Only one span of the listing below should come back. It runs from the line with "VENTILATORE A PIANTANA NERO 50W" through the line with "Bán Nhà 5 Tầng", and each of its lines must be reproduced exactly.

### Dataset entries
········

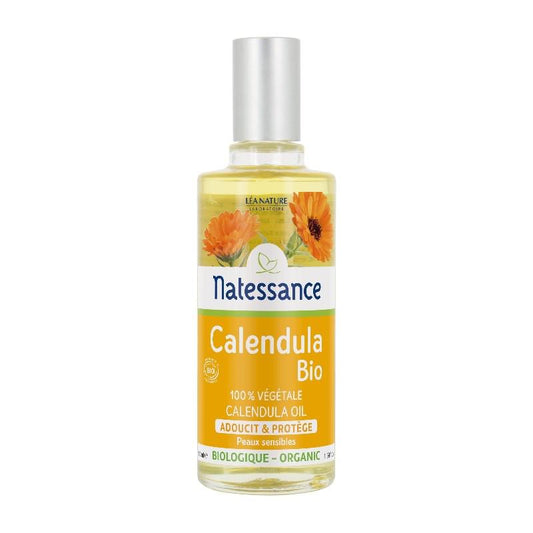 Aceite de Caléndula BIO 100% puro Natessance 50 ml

········

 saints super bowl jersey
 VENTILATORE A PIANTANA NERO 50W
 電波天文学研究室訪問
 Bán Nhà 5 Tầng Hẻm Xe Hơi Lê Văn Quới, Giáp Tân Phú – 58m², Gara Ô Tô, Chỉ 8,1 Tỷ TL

········

### Answer section
 VENTILATORE A PIANTANA NERO 50W
 電波天文学研究室訪問
 Bán Nhà 5 Tầng Hẻm Xe Hơi Lê Văn Quới, Giáp Tân Phú – 58m², Gara Ô Tô, Chỉ 8,1 Tỷ TL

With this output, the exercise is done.